#### [REQUIRED ACTION]
Exact copy, no pictures: output each line below as it stands.
⟨
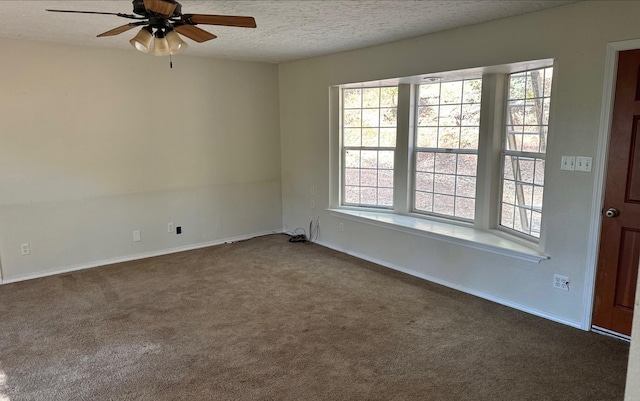 empty room featuring ceiling fan, dark carpet, and a textured ceiling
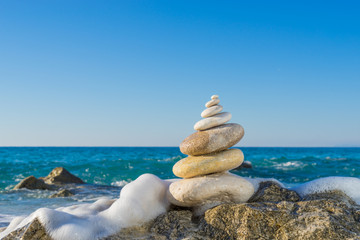 Stones pyramid on sand symbolizing zen, harmony, balance. Ocean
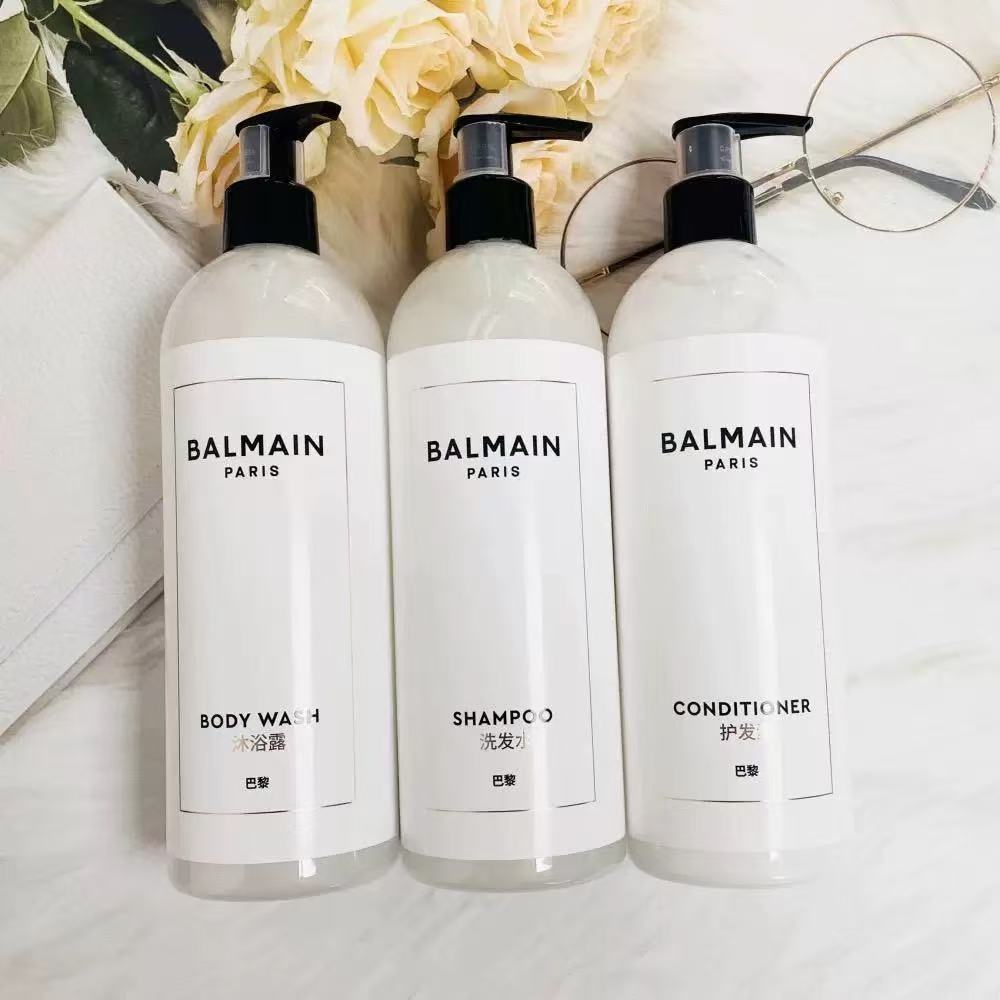 three bottles of Balmain hotel toiletries showed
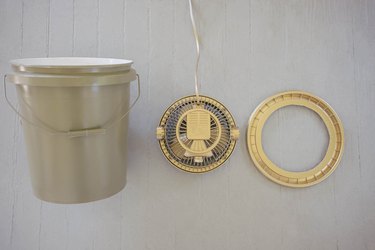 Plastic bucket painted olive green and fan painted gold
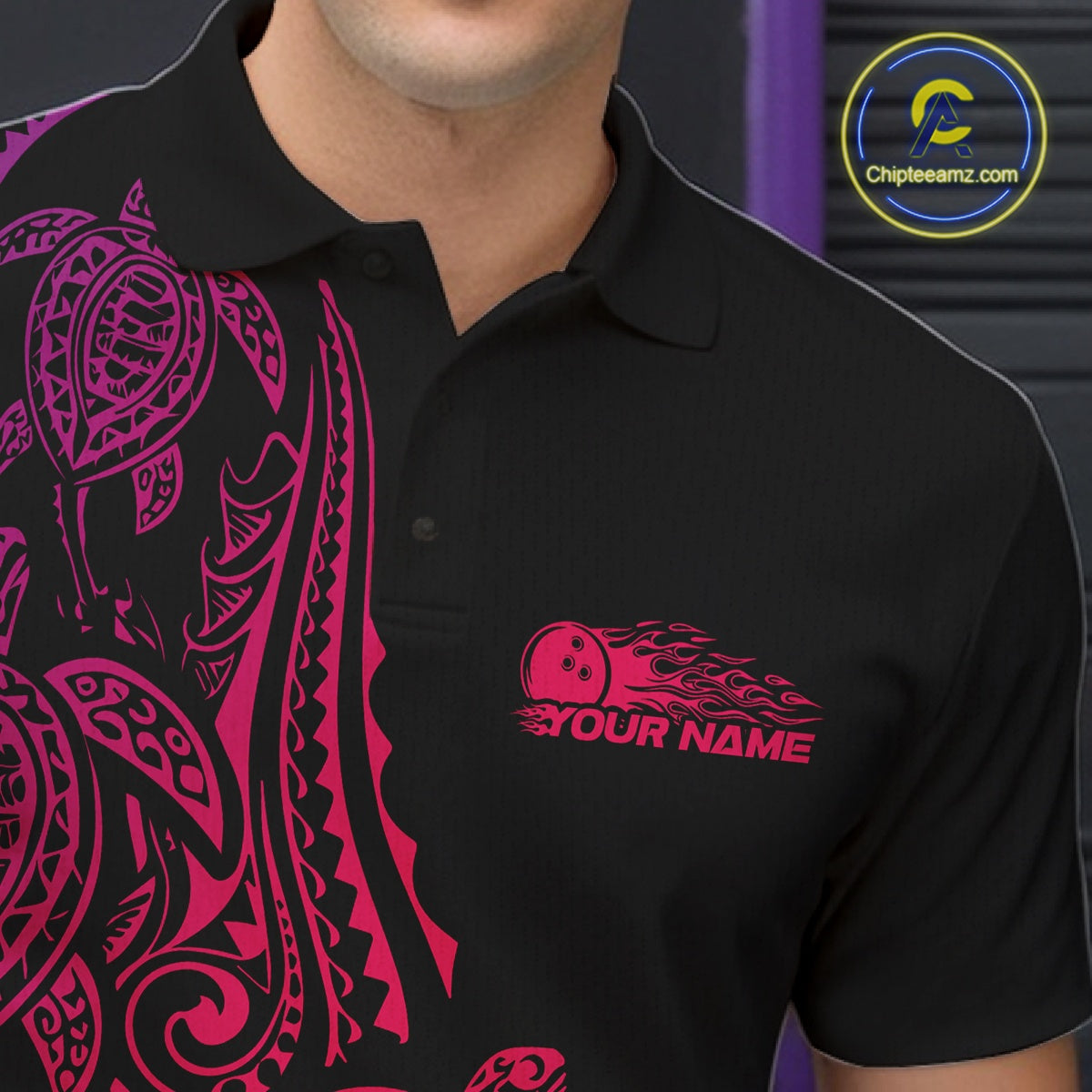 Left chest close-up of a black, pink, and purple bowling polo shirt featuring Polynesian-inspired bowling motifs.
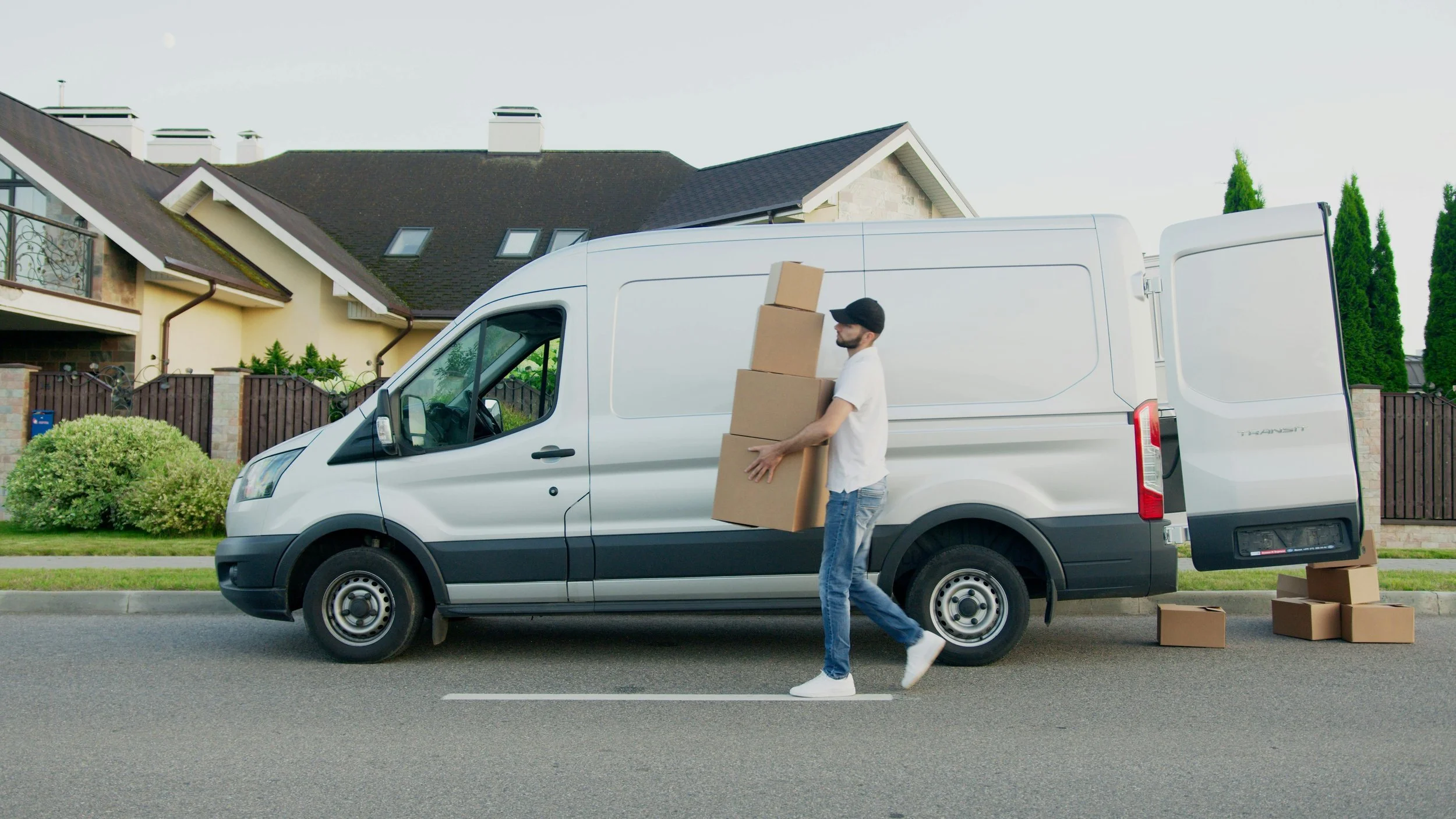 Un homme portant des cartons se trouve à côté d'un camion blanc stationné sur la rue, avec d'autres cartons au sol.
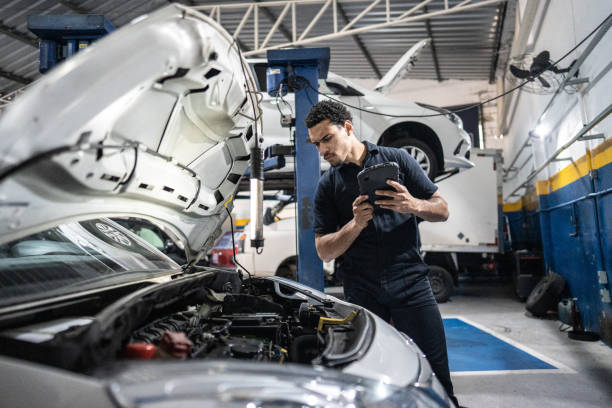 istock Mechanic using the digital tablet at an auto repair shop 1506946664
⟩
#### [TASK ANSWER]
 empty room featuring ceiling fan, dark carpet, and a textured ceiling
 Stones pyramid on sand symbolizing zen, harmony, balance. Ocean
 three bottles of Balmain hotel toiletries showed
 Plastic bucket painted olive green and fan painted gold
 Left chest close-up of a black, pink, and purple bowling polo shirt featuring Polynesian-inspired bowling motifs.
 Un homme portant des cartons se trouve à côté d'un camion blanc stationné sur la rue, avec d'autres cartons au sol.
 istock Mechanic using the digital tablet at an auto repair shop 1506946664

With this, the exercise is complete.